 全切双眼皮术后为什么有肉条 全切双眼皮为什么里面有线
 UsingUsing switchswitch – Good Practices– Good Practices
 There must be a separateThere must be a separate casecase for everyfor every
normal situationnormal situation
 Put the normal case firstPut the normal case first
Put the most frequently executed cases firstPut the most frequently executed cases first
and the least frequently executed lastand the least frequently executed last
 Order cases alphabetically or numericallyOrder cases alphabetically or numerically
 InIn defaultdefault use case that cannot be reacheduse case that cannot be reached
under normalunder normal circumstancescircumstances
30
★ ★ ★ ★ ★ ★ ★
Only lines that include "first" belong in the answer; return them from the entries above.

 Put the normal case firstPut the normal case first
Put the most frequently executed cases firstPut the most frequently executed cases first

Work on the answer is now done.